__PROBLEM DESCRIPTION__.
Reproduce the data in full, exactly as given, leaving images out.

__DATASET RECORDS__.

*** Block opens ***

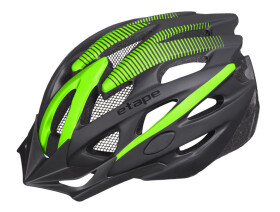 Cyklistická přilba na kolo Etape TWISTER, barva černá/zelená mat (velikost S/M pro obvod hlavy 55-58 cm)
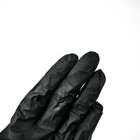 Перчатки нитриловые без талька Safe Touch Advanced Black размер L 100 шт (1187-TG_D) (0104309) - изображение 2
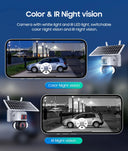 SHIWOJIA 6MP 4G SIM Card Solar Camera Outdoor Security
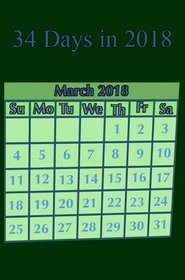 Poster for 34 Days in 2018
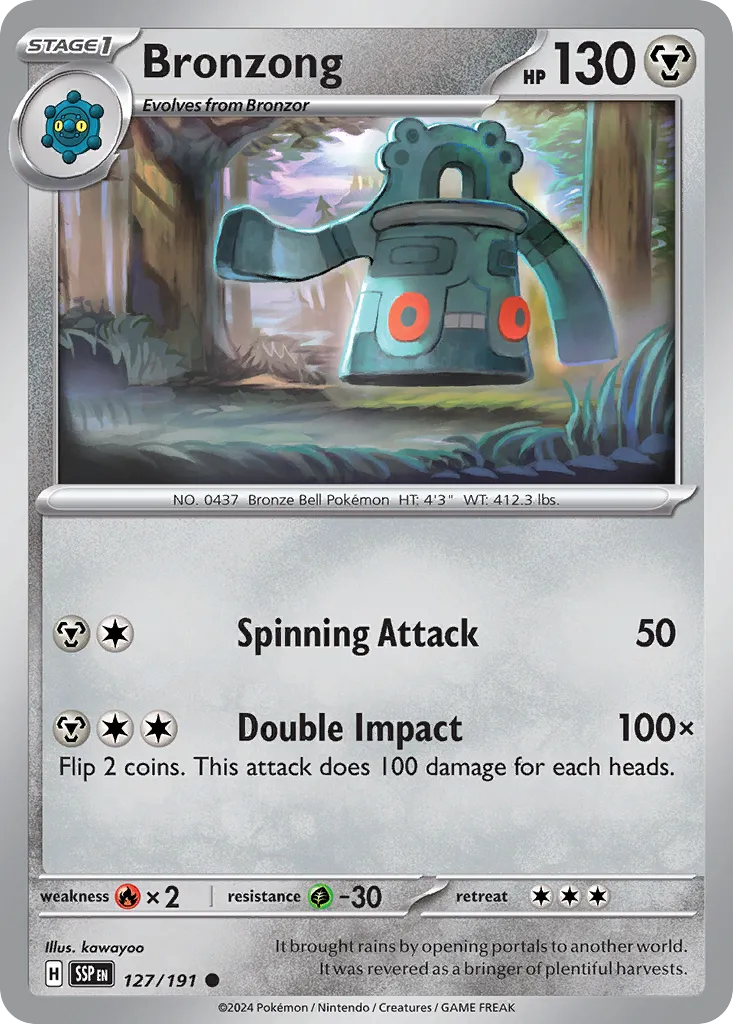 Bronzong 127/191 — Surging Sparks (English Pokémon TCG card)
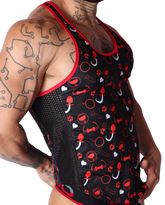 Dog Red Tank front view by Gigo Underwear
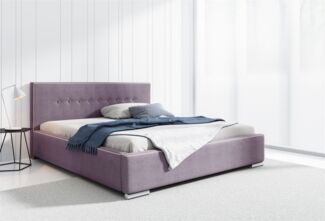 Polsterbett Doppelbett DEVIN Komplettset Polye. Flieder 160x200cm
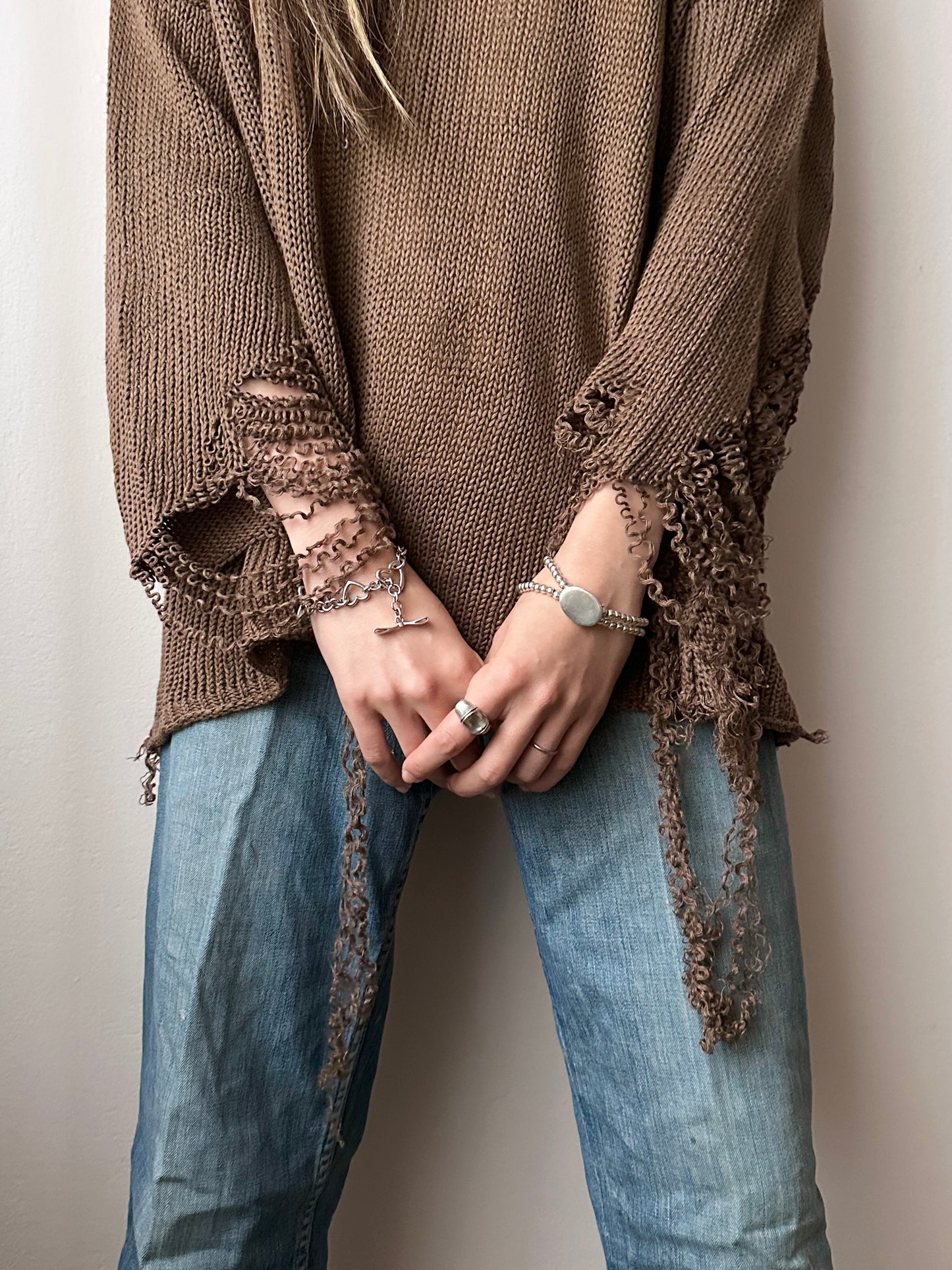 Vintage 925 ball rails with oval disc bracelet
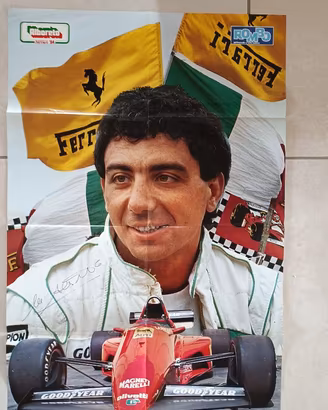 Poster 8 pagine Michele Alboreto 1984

*** Block closes ***

__RESULT OF THIS EXERCISE__.
 Cyklistická přilba na kolo Etape TWISTER, barva černá/zelená mat (velikost S/M pro obvod hlavy 55-58 cm)
 Перчатки нитриловые без талька Safe Touch Advanced Black размер L 100 шт (1187-TG_D) (0104309) - изображение 2
 SHIWOJIA 6MP 4G SIM Card Solar Camera Outdoor Security
 Poster for 34 Days in 2018
 Bronzong 127/191 — Surging Sparks (English Pokémon TCG card)
 Dog Red Tank front view by Gigo Underwear
 Polsterbett Doppelbett DEVIN Komplettset Polye. Flieder 160x200cm
 Vintage 925 ball rails with oval disc bracelet
 Poster 8 pagine Michele Alboreto 1984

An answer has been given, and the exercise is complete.